[[ Input open ]]

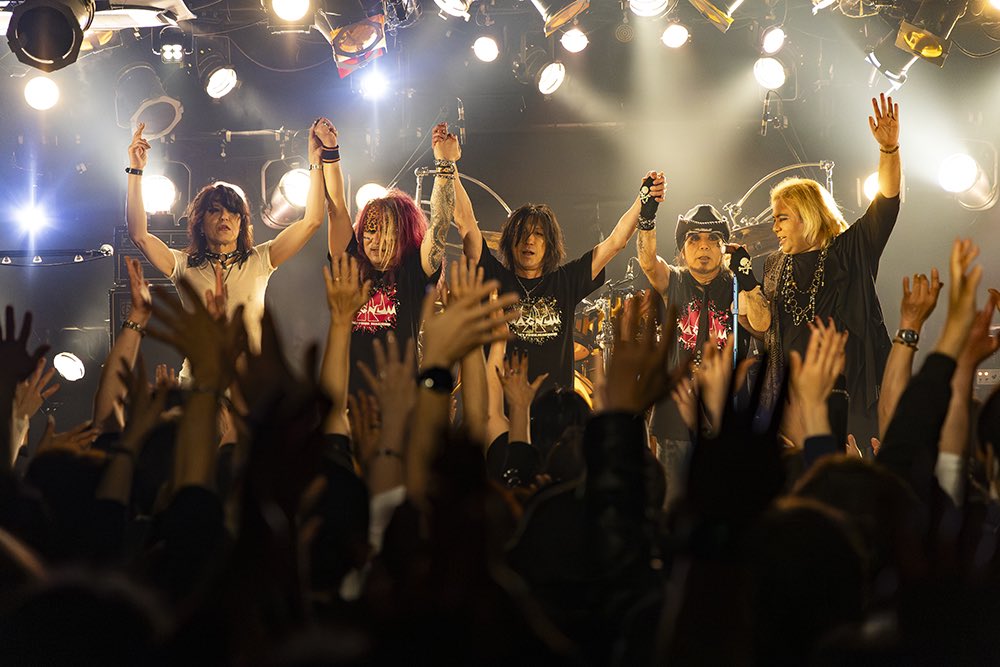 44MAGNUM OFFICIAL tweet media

[[ Input closed ]]
[[ Input open ]]

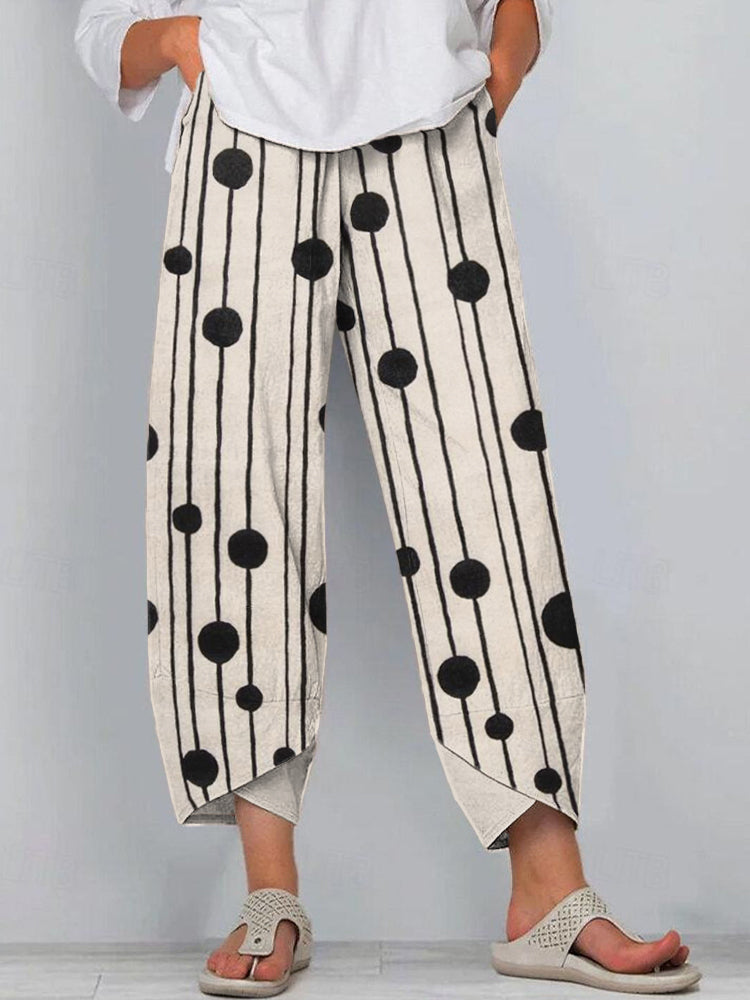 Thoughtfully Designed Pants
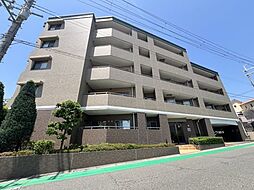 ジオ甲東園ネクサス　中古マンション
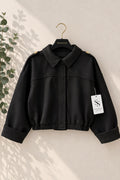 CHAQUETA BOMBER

[[ Input closed ]]
[[ Input open ]]

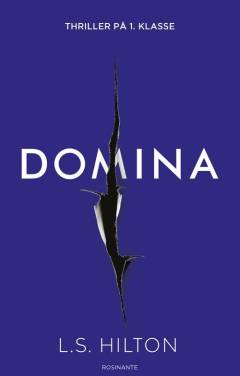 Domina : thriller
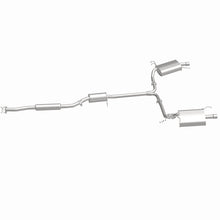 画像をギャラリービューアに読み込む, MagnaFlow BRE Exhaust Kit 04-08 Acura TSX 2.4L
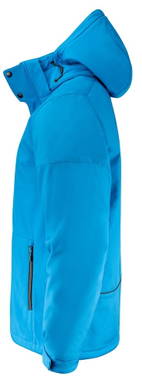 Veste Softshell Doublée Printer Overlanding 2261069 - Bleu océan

[[ Input closed ]]

Within the data above, repeat exactly the lines from the one bearing "Thoughtfully Designed Pants" through the one bearing "CHAQUETA BOMBER". Include no pictures and nothing else.

 Thoughtfully Designed Pants
 ジオ甲東園ネクサス　中古マンション
 CHAQUETA BOMBER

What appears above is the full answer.